Celalettin Yavuz, the deputy head of the Ankara-based Turkish Center for International Relations and Strategic Analysis (TÜRKSAM), agrees that nothing much will change right after the elections, regardless of who is elected.
“No matter who is in power after the elections, they will say ‘Wait a minute' to Turkey at the December summit concerning the issue of Cyprus,” Yavuz, an expert on security policies, told Sunday's Zaman.
“At the moment, Turkey is the most important trump card in the hands of political parties during electioneering.

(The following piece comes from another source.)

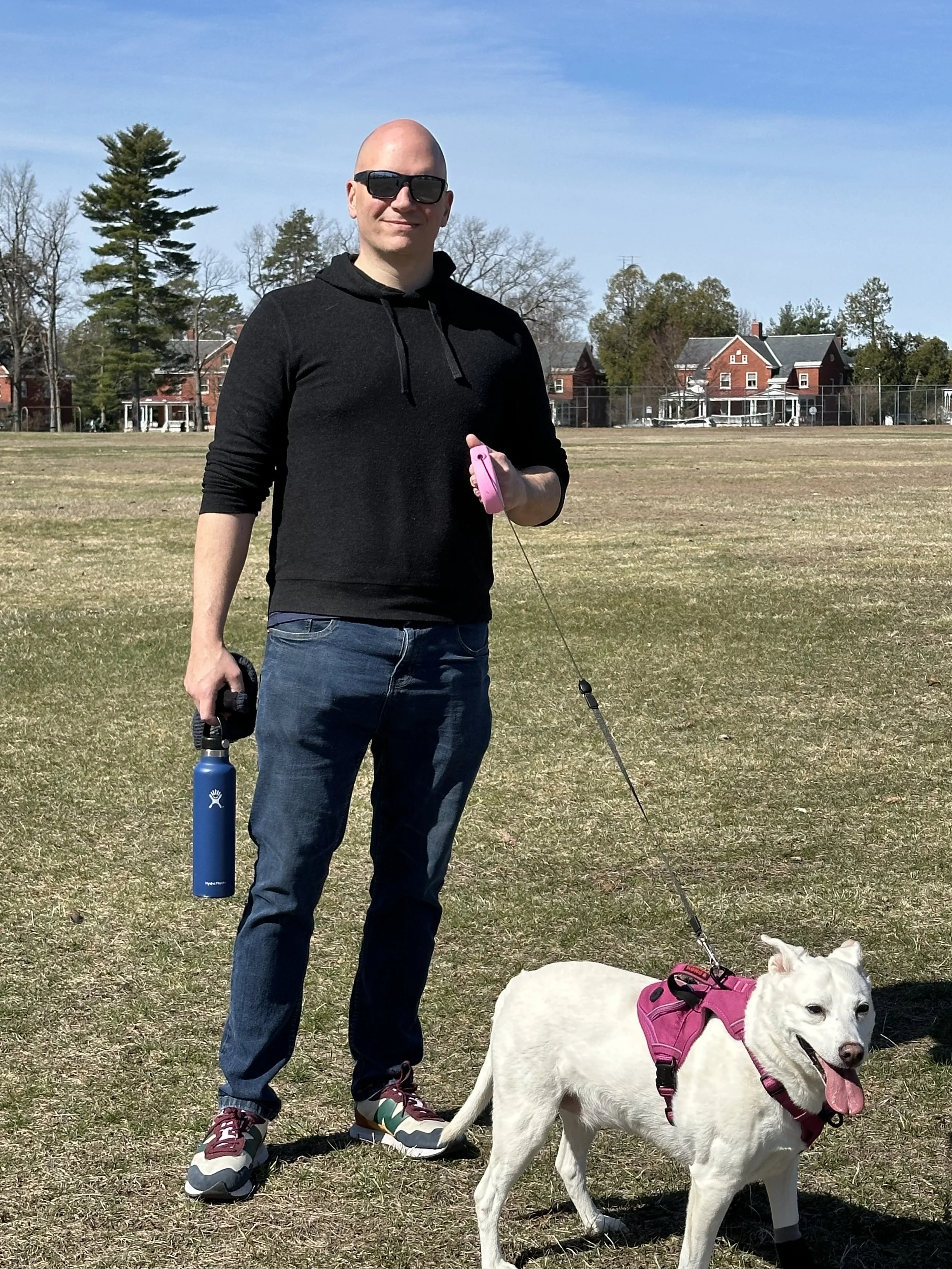 A man with sunglasses standing outdoors on a grassy field with his white dog, both on leashes. The man wears a black hoodie, jeans, and sneakers. The dog has a pink harness and is panting.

However, the discourse they have been using does not reflect the typical enmity towards Turkey, it is more of an anti-Turkey attitude,” Yavuz said, citing the gradual improvement in ties between the Aegean neighbors in the last decade as the main reason for such a change, when compared to the past, particularly the 1970s and 1980s.
Turkey's use as an campaign tool is not something which is peculiar to Greece, especially after Turkey began full membership negotiations with the EU in 2005.
Most recently, in the run-up to the European Parliament elections in June, Ankara felt the need to slam European political parties using the issue of its EU bid as an election issue to gain electoral support, warning that such electioneering was misleading the electorate and strengthening xenophobic tendencies.
Recalling the European Parliament elections, Mehmet Hasgüler, an associate professor at Çanakkale 18 Mart University, suggested that European political leaders, particularly of France and Germany, were actually trying to veil the social discrepancy and economic injustice in their societies by launching a debate on Turkey's cultural and religious identity.
Rising awareness
“Greece is also suffering from severe economic problems which eventually led Karamanlis to call snap elections,” Hasgüler, also an expert on Cyprus and the EU at the Ankara-based International Strategic Research Organization (USAK), told Sunday's Zaman.
While referring to Greece's youth unemployment, which fuelled the country's worst riots in decades in December and led to the social unrest in the country which has been simmering ever since, Hasgüler indicated that, as with the awareness on social issues, there is also a rise in the level of awareness among Greek youth concerning Turkey.
Hasgüler said the internal dynamics in both of the countries, as well as globalization and the dynamics within the EU, led to such rising awareness, while stressing the importance of eye-witnessing more and more Greek tourists visiting Turkey.
“As a result, what we see now, particularly in campaigning, is a rationalized nationalism,” Hasgüler said.
When reminded of the impression that Turkey's efforts at normalization with some of its other neighbors have apparently improved more rapidly than has been the case with Greece, Hasgüler said Turkey's problems with Iraqi Kurds, Syria and Iran could all be labeled as “manipulative” problems, not “natural” problems, which are more difficult to resolve.
According to Hasgüler, the bilateral problems between Greece and Turkey are “natural.” Additionally, the two countries do not have a “mutual dependency” relationship -- a fact which does not encourage them to rush to achieve the full normalization of relations, he said.
One also should not forget that the notion of nationalism was created during the establishment of both of the republican countries through the nourishment of feelings of enmity of both peoples toward each other at the beginning of the 20th century, he added, suggesting that overcoming such a legacy was not that easy.